Wednesday, August 5, 2015

Finding Freedom From My Emotions


I just finished reading Unglued: Making Wise Choices in the Midst of Raw Emotions by Lysa TerKeurst. I checked it out from the library because I had heard good things about the author but I wasn't sure how applicable the book would be. I'm not a particularly emotional person, at least not outwardly emotional. However, in the book she talked about the various ways we deal with emotions (stuffing or spewing) and I was able to see how I tend to process emotions.

I liked that she acknowledged that we are not necessarily always a stuffer or always a spewer. How we react can depend on the situation or the relationship we have with the person in the difficult, emotion raising moment.

Lysa stated that the goal is not perfection - never losing our cool, never lashing out and hurting others, never stuffing our emotions down to keep the peace but feeling bitterness rise within us. Her goal is imperfect progress. It is growing in managing our emotions with rationality, peace and wisdom. It's getting out of our immediate feelings to gain perspective on what may be underneath the emotions.

I was very skeptical about the book but was very pleasantly surprised.
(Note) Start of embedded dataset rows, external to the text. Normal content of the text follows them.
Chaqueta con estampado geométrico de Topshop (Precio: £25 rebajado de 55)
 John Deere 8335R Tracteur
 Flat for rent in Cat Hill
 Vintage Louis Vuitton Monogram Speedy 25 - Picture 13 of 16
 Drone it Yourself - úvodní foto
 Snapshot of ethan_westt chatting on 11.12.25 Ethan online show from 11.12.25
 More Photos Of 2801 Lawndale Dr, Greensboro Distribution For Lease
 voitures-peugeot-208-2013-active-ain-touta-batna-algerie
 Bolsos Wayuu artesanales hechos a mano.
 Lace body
Her words gave me a lot to think about in my relationships with my family and friends and how I tend to deal with uncomfortable emotions. I liked the reminder that emotions are external signs of internal issues.
Image courtesy of Mr Lightman at FreeDigitalPhotos.net
I have also been reading Boundaries by Dr. Henry Cloud and Dr. John Townsend and I feel like these two books are related. Boundaries talks some about not giving others control of how we feel. Others can't MAKE us feel angry. We have to choose to feel emotions and deal with it by changing our circumstances (preventing an undesirable action or event to occur that causes us feel negative emotions). We cannot ever change another person, only our response to others.

Some of this really resonates with me. I have a tendency to think that I am not living up to others' expectations and then feel guilty. This is my own negative thinking. I am allowing myself to feel guilty. I can choose to ask the other person about their expectations rather than project what I think their expectations might be. It can save a lot of anxiety. Thinking more about what words and actions stir up my emotions can help me address them for clarity. I can ask what someone meant rather than thinking the worst. It is encouraging and freeing to me.